(Scraped caption text data)
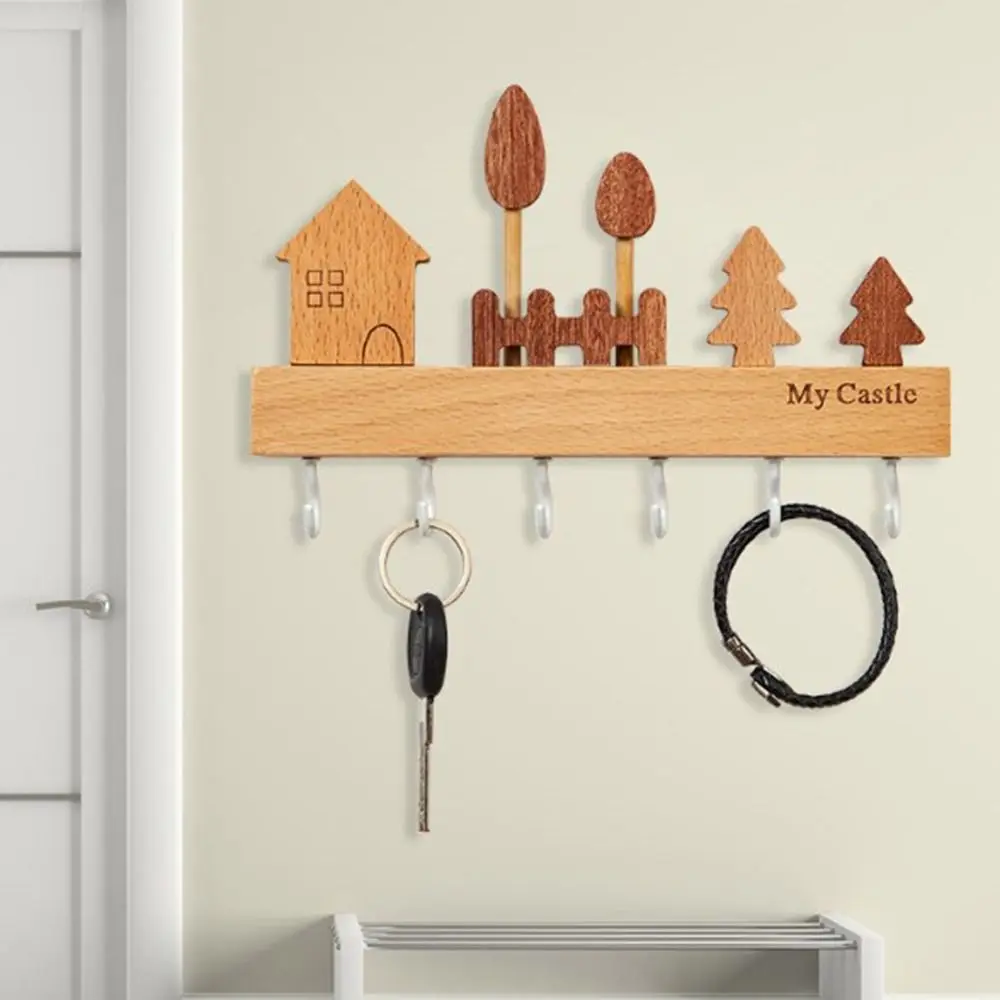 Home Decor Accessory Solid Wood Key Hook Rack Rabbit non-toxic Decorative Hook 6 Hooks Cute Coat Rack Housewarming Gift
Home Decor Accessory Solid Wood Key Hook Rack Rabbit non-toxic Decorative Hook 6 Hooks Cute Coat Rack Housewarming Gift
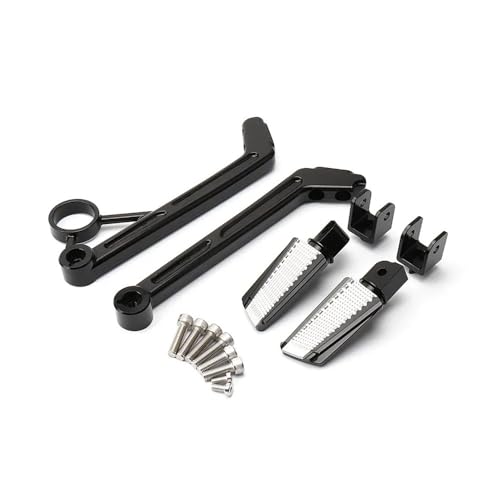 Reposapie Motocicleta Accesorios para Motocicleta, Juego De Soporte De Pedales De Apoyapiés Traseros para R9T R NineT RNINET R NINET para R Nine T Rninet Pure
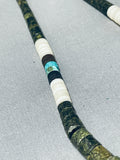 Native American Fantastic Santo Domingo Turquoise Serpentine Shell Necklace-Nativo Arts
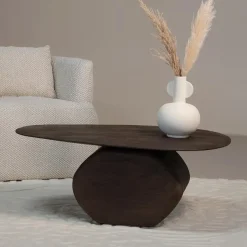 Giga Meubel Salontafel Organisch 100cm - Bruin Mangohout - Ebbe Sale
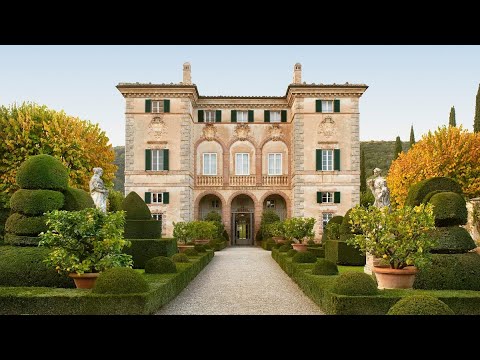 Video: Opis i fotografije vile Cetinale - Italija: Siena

To do :: Restate the records above exactly, less any pictures.

Task output ::
 Home Decor Accessory Solid Wood Key Hook Rack Rabbit non-toxic Decorative Hook 6 Hooks Cute Coat Rack Housewarming Gift
Home Decor Accessory Solid Wood Key Hook Rack Rabbit non-toxic Decorative Hook 6 Hooks Cute Coat Rack Housewarming Gift
 Reposapie Motocicleta Accesorios para Motocicleta, Juego De Soporte De Pedales De Apoyapiés Traseros para R9T R NineT RNINET R NINET para R Nine T Rninet Pure
 Native American Fantastic Santo Domingo Turquoise Serpentine Shell Necklace-Nativo Arts
 Giga Meubel Salontafel Organisch 100cm - Bruin Mangohout - Ebbe Sale
 Video: Opis i fotografije vile Cetinale - Italija: Siena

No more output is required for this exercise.